I love coaching basketball. From 4th grade all the way up to 8th I coached my oldest son’s teams. During those years, the boys were in that magical age range where they weren’t too cool for school yet and even though I was an adult, I was still considered a pretty cool guy.
The best part about the coaching experience is the deep and meaningful conversations after practice is over. Like, who is the greatest NBA basketball player? Is it Lebron James, or Kobe Bryant? Lebron James was the odds on favorite at that time with his high flying dunks and super-human athleticism. However, some of the boys felt that Kobe was the best because he was the smartest player. I tried to make a case for Larry Bird, Magic Johnson, or Michael Jordan, but judging by the blank stares on their faces, my players were a little too young to remember any of those guys.

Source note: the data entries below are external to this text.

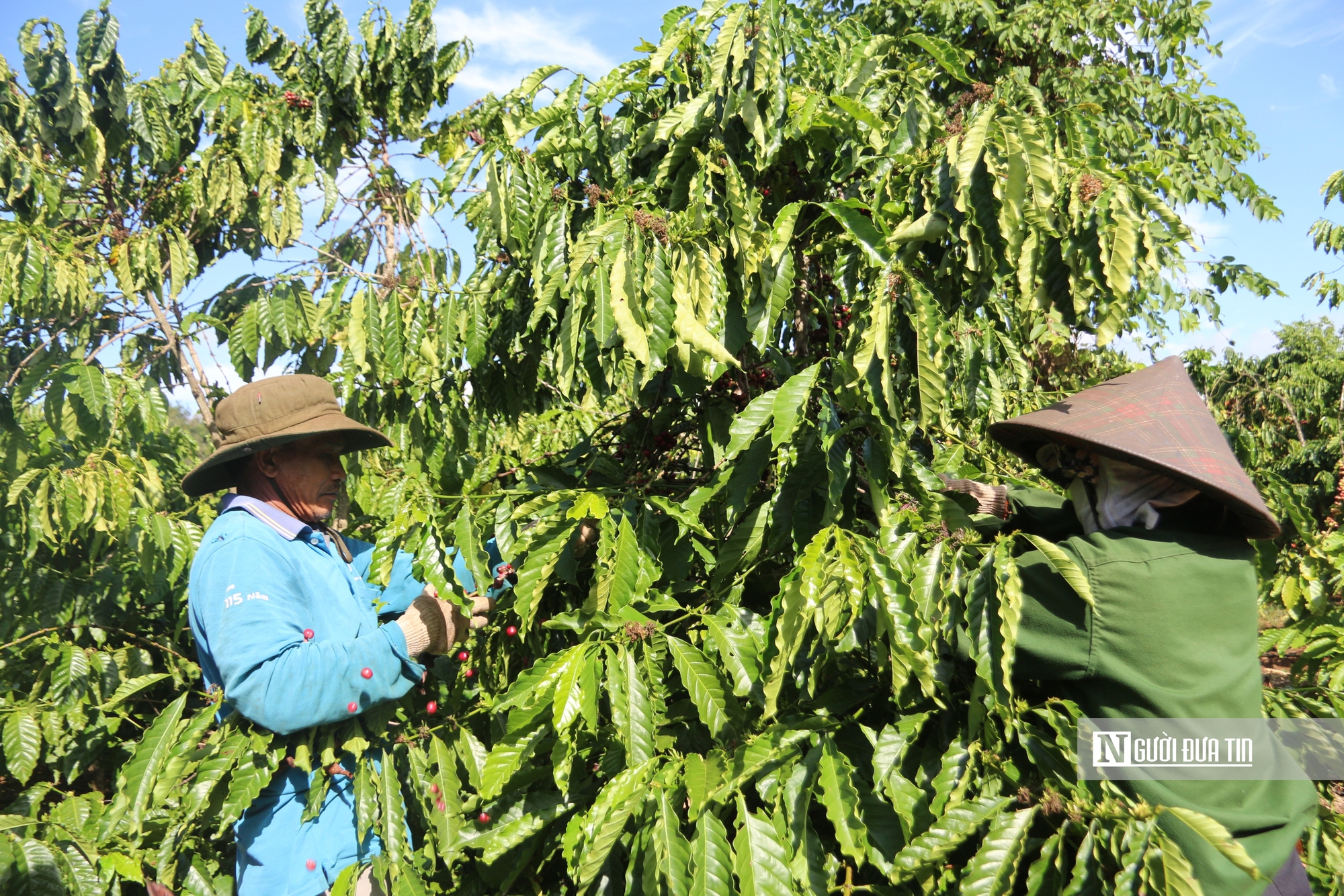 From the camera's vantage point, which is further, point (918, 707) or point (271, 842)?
point (271, 842)

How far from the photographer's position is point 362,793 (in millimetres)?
1758

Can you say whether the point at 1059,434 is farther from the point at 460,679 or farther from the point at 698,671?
the point at 460,679

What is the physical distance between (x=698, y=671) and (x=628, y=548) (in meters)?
0.25

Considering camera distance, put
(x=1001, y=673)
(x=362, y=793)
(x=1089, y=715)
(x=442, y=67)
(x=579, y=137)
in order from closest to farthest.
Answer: (x=1001, y=673), (x=1089, y=715), (x=362, y=793), (x=579, y=137), (x=442, y=67)

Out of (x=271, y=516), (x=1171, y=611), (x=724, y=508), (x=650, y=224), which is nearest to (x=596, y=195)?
(x=650, y=224)

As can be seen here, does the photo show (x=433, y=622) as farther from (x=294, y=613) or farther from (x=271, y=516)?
(x=271, y=516)

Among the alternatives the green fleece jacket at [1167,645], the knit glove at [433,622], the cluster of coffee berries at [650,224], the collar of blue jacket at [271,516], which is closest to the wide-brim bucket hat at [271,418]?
the collar of blue jacket at [271,516]

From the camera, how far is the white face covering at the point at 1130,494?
4.97ft

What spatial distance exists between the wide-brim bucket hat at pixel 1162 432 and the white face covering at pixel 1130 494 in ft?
0.11

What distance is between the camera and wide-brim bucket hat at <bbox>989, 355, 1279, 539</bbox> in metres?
1.44

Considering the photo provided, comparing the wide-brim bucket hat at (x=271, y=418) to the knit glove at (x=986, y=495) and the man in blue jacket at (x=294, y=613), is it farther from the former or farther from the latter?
the knit glove at (x=986, y=495)

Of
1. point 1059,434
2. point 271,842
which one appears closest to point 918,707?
point 1059,434

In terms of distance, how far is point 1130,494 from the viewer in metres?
1.55

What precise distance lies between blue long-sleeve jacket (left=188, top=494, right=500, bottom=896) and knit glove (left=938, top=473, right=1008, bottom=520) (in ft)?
3.67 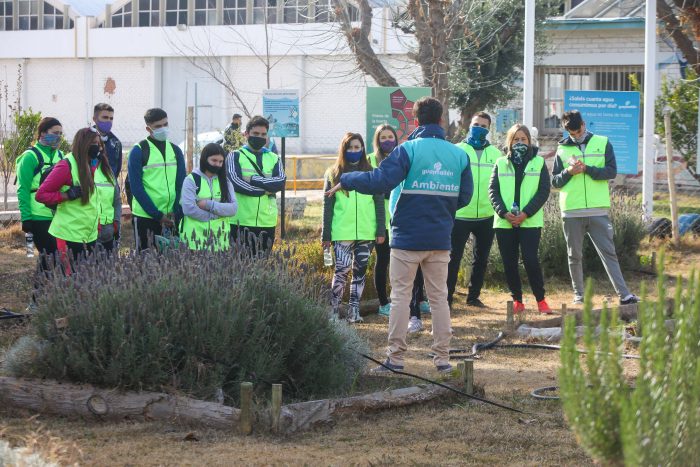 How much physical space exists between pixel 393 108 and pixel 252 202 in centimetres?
346

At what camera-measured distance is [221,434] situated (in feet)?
19.4

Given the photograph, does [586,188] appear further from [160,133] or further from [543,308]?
[160,133]

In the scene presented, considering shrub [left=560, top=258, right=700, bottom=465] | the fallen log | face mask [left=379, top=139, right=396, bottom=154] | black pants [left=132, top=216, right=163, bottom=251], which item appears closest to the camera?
shrub [left=560, top=258, right=700, bottom=465]

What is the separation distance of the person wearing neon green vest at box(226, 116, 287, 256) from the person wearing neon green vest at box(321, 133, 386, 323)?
507 millimetres

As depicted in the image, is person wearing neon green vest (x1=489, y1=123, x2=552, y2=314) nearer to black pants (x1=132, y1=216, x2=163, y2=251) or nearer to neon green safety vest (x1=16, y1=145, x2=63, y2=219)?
black pants (x1=132, y1=216, x2=163, y2=251)

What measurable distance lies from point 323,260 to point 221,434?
5.83 m

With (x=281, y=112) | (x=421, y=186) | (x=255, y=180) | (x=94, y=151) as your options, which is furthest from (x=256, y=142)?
(x=281, y=112)

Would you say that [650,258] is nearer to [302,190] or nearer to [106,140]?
[106,140]

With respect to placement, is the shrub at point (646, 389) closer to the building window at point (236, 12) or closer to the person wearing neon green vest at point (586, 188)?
the person wearing neon green vest at point (586, 188)

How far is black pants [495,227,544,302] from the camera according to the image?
1073cm

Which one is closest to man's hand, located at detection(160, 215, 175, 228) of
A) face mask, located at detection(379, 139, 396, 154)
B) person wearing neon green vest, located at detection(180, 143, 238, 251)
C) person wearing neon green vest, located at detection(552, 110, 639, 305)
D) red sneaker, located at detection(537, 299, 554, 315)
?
person wearing neon green vest, located at detection(180, 143, 238, 251)

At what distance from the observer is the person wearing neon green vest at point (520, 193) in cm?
1053

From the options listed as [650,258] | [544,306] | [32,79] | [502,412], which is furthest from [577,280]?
[32,79]

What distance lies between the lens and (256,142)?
10156 mm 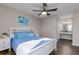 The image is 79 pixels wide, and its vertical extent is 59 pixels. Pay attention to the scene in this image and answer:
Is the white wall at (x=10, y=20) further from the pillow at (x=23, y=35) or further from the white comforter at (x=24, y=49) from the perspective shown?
the white comforter at (x=24, y=49)

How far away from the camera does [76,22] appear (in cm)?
307

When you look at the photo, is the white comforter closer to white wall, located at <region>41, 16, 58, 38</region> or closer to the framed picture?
the framed picture

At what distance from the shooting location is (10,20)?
245 cm

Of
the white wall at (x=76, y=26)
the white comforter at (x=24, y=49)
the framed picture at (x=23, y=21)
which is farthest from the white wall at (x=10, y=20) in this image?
the white wall at (x=76, y=26)

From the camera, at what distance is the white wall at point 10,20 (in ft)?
7.79

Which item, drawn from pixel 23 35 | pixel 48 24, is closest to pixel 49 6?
pixel 48 24

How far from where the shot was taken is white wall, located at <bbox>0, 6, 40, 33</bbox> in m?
2.38

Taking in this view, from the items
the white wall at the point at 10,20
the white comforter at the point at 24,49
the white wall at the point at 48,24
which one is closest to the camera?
the white comforter at the point at 24,49

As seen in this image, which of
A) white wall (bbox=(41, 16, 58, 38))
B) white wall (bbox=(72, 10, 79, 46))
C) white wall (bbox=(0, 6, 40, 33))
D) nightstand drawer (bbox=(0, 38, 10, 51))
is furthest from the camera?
white wall (bbox=(72, 10, 79, 46))

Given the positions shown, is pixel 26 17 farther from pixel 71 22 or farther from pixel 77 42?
pixel 77 42

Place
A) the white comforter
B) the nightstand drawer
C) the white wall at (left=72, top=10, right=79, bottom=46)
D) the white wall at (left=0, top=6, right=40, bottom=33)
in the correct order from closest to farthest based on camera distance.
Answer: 1. the white comforter
2. the nightstand drawer
3. the white wall at (left=0, top=6, right=40, bottom=33)
4. the white wall at (left=72, top=10, right=79, bottom=46)

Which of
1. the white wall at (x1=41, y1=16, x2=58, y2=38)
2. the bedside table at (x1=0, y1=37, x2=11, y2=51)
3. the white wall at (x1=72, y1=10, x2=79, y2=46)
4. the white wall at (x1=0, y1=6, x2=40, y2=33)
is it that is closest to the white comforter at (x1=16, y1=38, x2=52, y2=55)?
the bedside table at (x1=0, y1=37, x2=11, y2=51)

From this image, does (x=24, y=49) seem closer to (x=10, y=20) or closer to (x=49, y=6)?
(x=10, y=20) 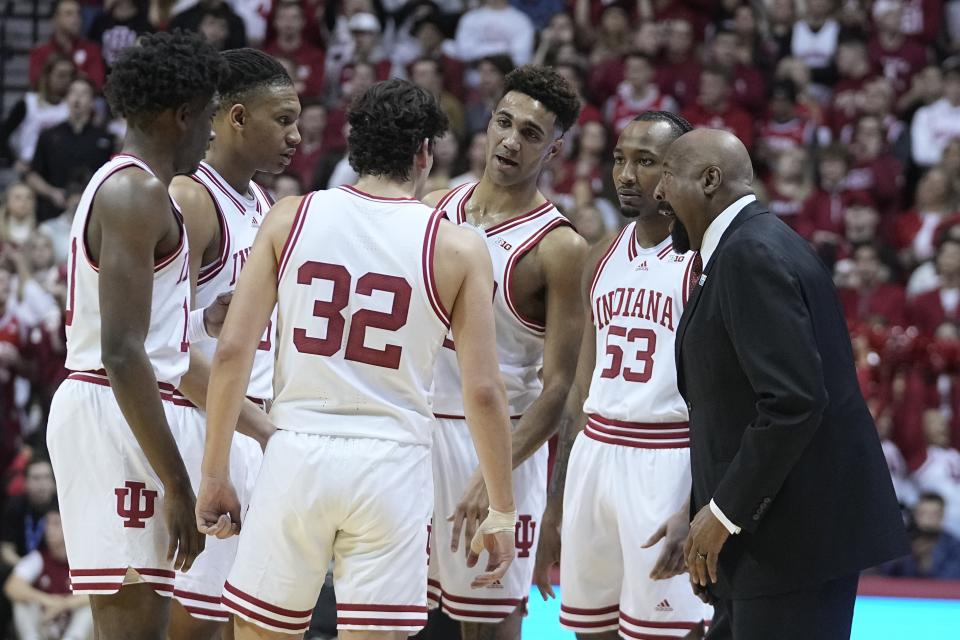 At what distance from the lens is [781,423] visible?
3.84 metres

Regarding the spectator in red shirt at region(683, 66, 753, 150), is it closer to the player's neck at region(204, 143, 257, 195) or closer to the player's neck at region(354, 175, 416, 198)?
the player's neck at region(204, 143, 257, 195)

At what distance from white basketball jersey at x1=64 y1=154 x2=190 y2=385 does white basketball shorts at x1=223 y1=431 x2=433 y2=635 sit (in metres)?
0.54

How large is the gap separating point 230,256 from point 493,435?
1290 mm

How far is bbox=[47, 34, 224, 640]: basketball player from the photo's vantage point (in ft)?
14.0

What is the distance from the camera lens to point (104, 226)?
424 cm

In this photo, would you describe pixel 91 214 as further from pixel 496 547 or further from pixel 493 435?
pixel 496 547

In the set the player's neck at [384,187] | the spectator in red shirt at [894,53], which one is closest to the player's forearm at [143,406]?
the player's neck at [384,187]

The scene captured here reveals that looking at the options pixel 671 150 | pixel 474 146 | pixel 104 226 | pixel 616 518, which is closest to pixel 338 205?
pixel 104 226

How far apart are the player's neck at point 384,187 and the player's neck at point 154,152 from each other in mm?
621

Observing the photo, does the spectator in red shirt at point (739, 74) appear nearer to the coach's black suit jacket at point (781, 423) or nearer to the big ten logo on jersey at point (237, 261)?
the big ten logo on jersey at point (237, 261)

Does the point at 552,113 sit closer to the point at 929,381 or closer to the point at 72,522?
the point at 72,522

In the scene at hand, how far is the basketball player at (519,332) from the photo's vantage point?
537cm

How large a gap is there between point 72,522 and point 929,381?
6.76m

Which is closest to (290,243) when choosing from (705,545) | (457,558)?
(705,545)
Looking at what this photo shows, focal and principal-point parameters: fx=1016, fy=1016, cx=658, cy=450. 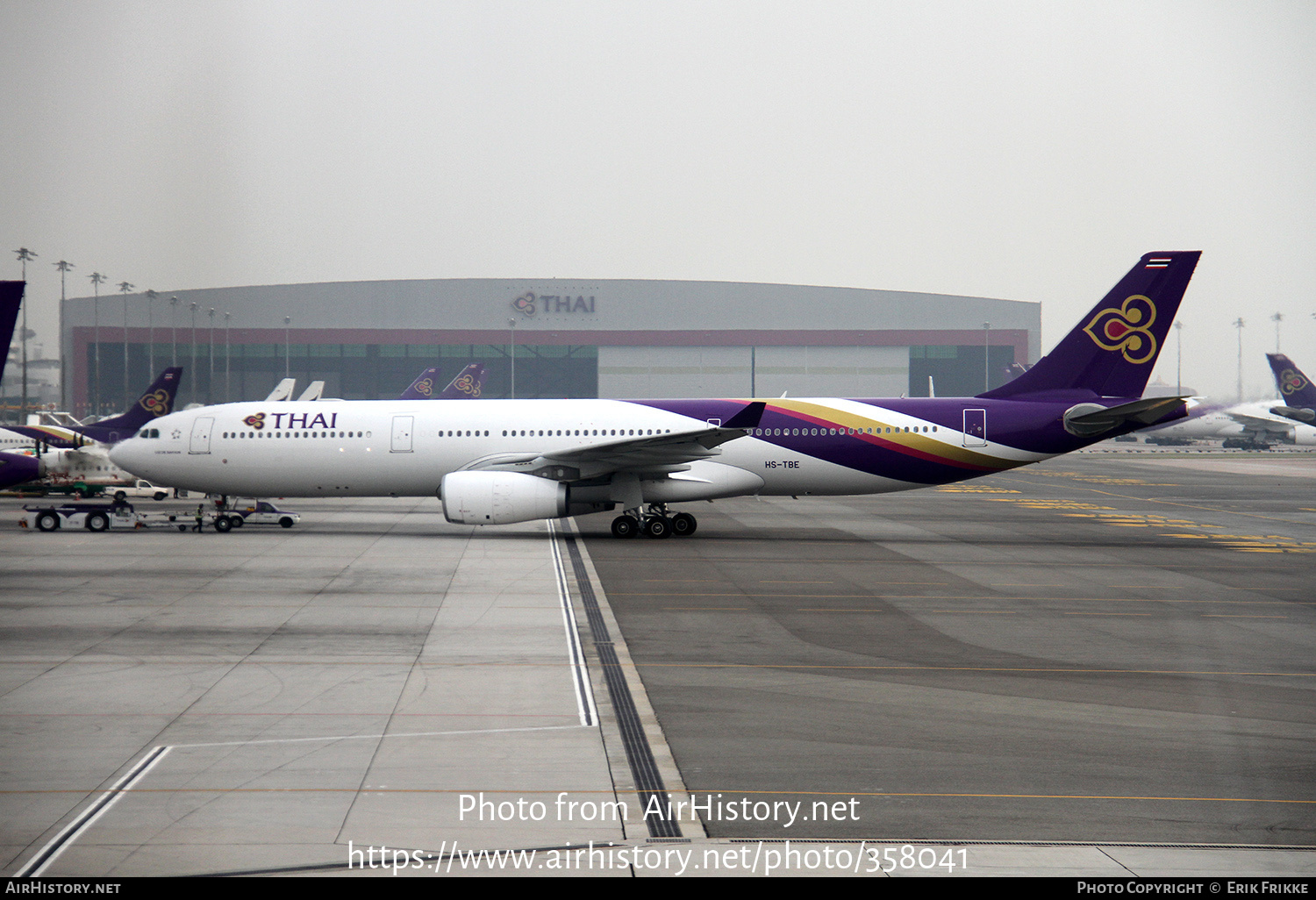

That’s the thing with greatness; it’s so fleeting. As Solomon says, “there is no remembrance of men of old, and even those who are yet to come will not be remembered by those who follow.” (Ecc. 1:11) Ouch! Have you ever felt that way? That nothing you have accomplished in life really lasts. During the first practice of the season, the boys wanted to know what my coaching credentials were. I explained how I had played college basketball and briefly described to them one of my best performances. They were mildly impressed. It was just enough to get them to do their defensive slide drills because I knew what I was talking about. However, a few minutes later I was demonstrating a lay-up and it clanged off the side of the rim. The looks on their faces said it all. “The glory had departed.”
Jesus had some amazing things to say about greatness. “If anyone wants to be first, he must be the last, and the servant of all.” (Mark 9:33) Based on our ingrained, human value system this statement makes no sense at all. I’m tempted to just ignore it all together, but I know that whenever I don’t understand Jesus, I am in the dark and I would rather live in the light. Thankfully, there’s another way of looking at these words of Jesus. Maybe greatness isn’t something that is attained in this life. Jesus also said, “store up for yourselves treasures in heaven.” (Mt. 6:20) Having this view of greatness causes us to drastically change the way we define the word.
If greatness is a treasure that we store up for ourselves in heaven, then it is not defined by accomplishments, wealth, social status, or the praise of men. Those are the common things that we attribute greatness to in this life. If we want to live a great life, we need to have an eternal focus. What does that mean? When God’s people live in light of eternity, values change. They use their time and money more wisely, they place a higher premium on relationships and character instead of fame, or wealth, or achievements and their priorities are reordered; keeping up with trends, fashions, and popular values just don’t matter as much anymore. Paul said, “I once thought all these things were so very important, but now I consider them worthless because of what Christ has done.” (Phil. 3:7 NLT).
As I am working through the various decisions I have to make today, the actions I need to take and the way to prioritize my time, I want to be mindful of what is worthless. Let’s be honest, a lot of things we are deeply invested in don’t really matter a whole lot in the grand scheme of things. We worry about what people will think, how much money is in our bank account, or if we have what it takes, but those are momentary troubles and God wants us to broaden our view to see our lives in the light of eternity. Let’s live our lives more eternally minded and give priority to the things that really matter.